[Data shown]:
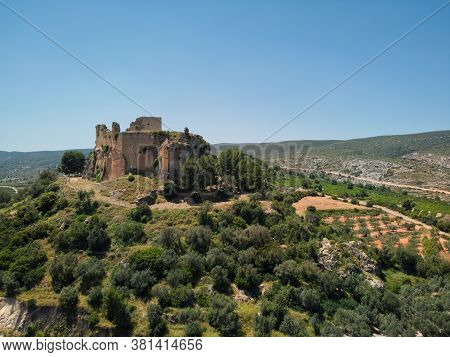 Aerial High Up Photography Drone Point Of View Of Ruins Of The Castle Of Montesa Located On Hillside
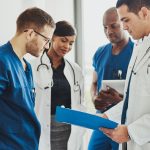 Group of doctors reading a document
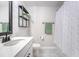 Bathroom featuring a tub and shower combination, white shower curtain and shiplap at 209 Parkwood Vista Way, Summerville, SC 29486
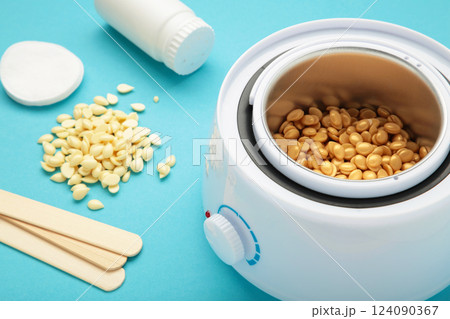 Electric wax warmer or wax heater with wax drops inside on blue background. Beauty treatments at home. Electric wax warmer or wax heater with wax drops inside on blue background. Beauty treatments at home. 124090367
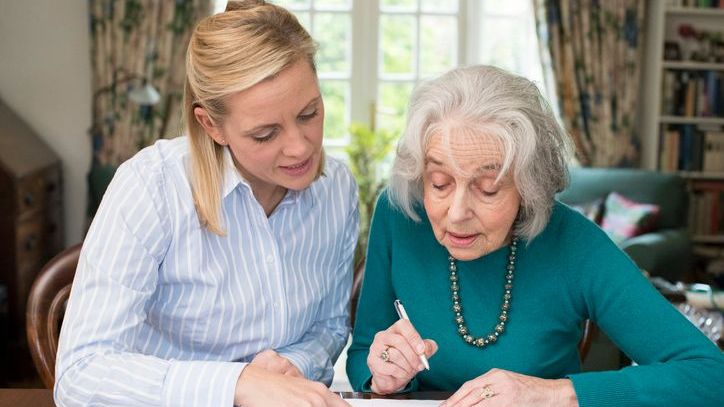 A woman signs a document giving her daughter medical power of attorney.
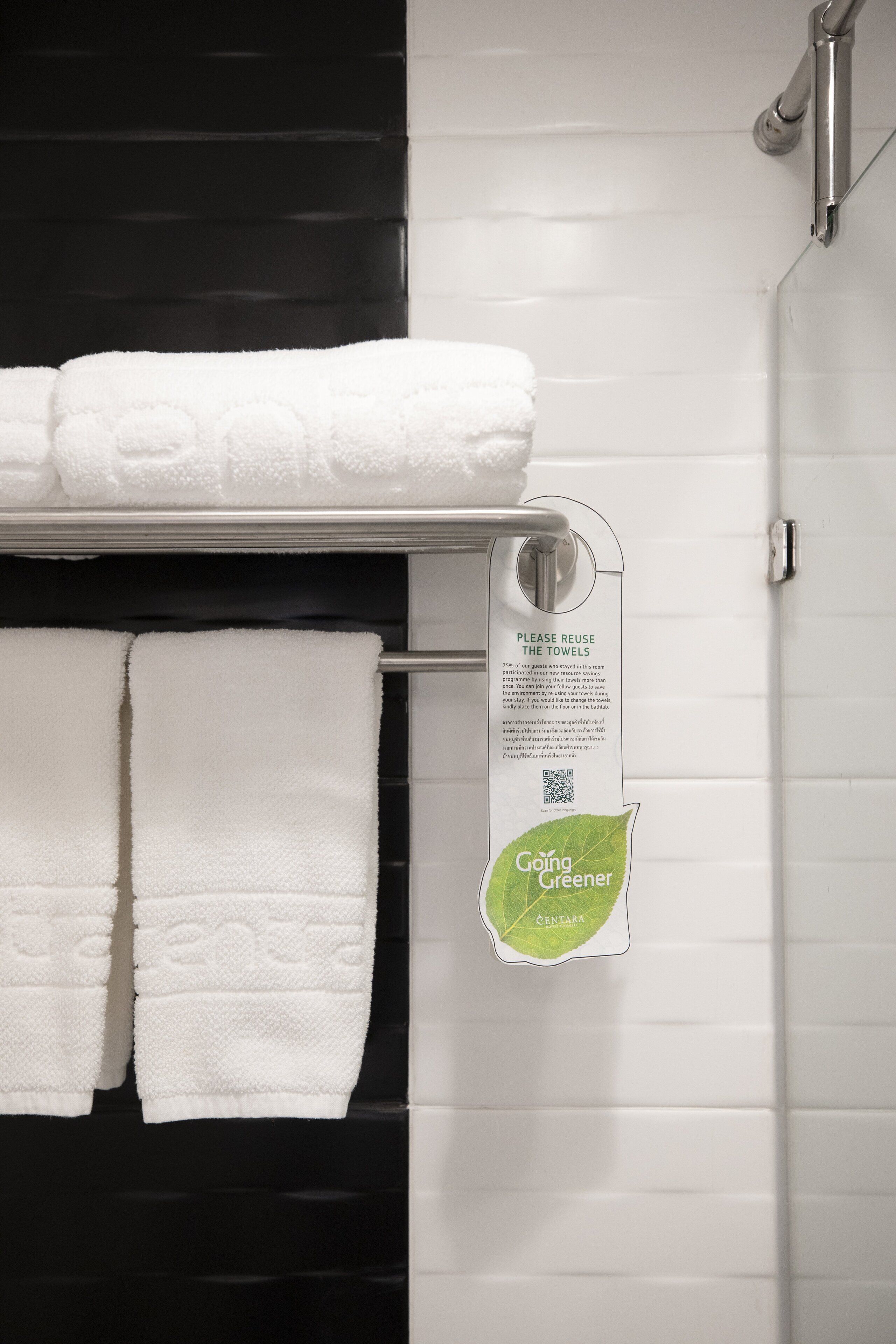 A bathroom with white towels hanging on a rack, a QR code, and a sign encouraging towel reuse.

[Work instruction]:
Pictures aside, repeat every entry exactly as written.

[Answer section]:
 Aerial High Up Photography Drone Point Of View Of Ruins Of The Castle Of Montesa Located On Hillside
 Group of doctors reading a document
 Bathroom featuring a tub and shower combination, white shower curtain and shiplap at 209 Parkwood Vista Way, Summerville, SC 29486
 Electric wax warmer or wax heater with wax drops inside on blue background. Beauty treatments at home. Electric wax warmer or wax heater with wax drops inside on blue background. Beauty treatments at home. 124090367
 A woman signs a document giving her daughter medical power of attorney.
 A bathroom with white towels hanging on a rack, a QR code, and a sign encouraging towel reuse.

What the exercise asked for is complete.